About this task —
Exactly as they appear, please output the lines from the one with "Table 6 Basket Option: Latin Hypercube" through the end of the material, without pictures.

Given material —
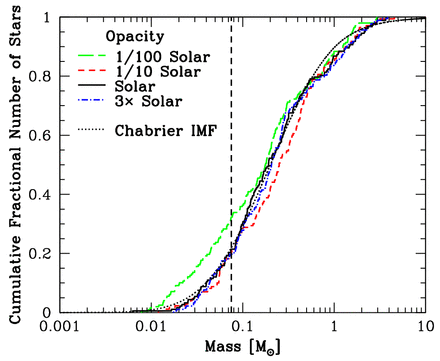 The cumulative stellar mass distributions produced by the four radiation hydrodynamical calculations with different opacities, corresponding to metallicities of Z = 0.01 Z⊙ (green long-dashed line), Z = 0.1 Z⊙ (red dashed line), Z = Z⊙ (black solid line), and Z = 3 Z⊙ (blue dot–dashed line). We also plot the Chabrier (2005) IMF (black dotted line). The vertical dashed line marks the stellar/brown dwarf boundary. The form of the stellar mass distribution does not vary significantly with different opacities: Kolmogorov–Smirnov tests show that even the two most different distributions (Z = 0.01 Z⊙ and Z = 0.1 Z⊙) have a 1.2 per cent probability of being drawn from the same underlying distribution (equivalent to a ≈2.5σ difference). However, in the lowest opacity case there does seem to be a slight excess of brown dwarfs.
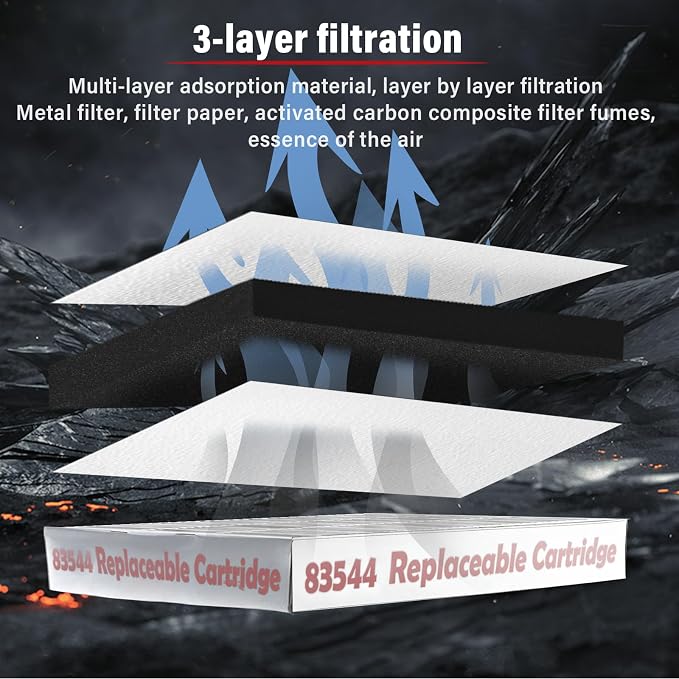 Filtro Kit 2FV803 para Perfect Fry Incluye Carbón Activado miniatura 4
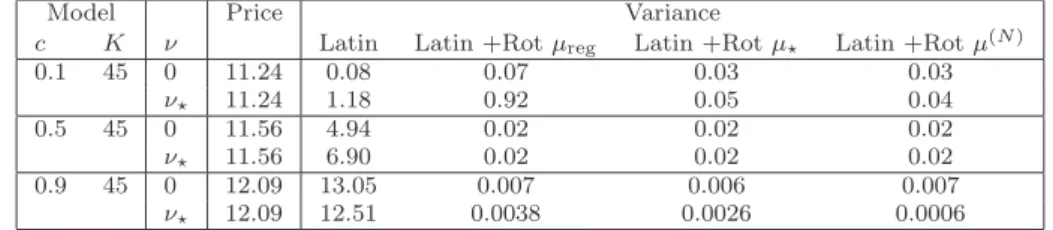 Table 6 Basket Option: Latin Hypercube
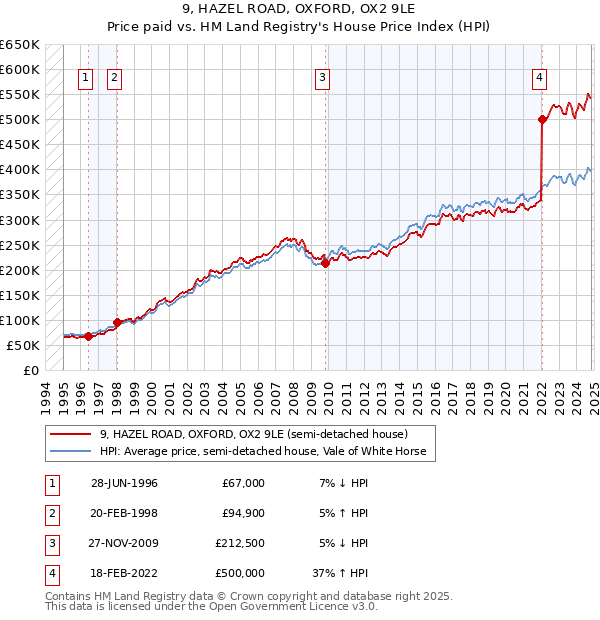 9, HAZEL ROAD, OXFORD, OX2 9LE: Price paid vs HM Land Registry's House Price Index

Result of the task —
 Table 6 Basket Option: Latin Hypercube
 9, HAZEL ROAD, OXFORD, OX2 9LE: Price paid vs HM Land Registry's House Price Index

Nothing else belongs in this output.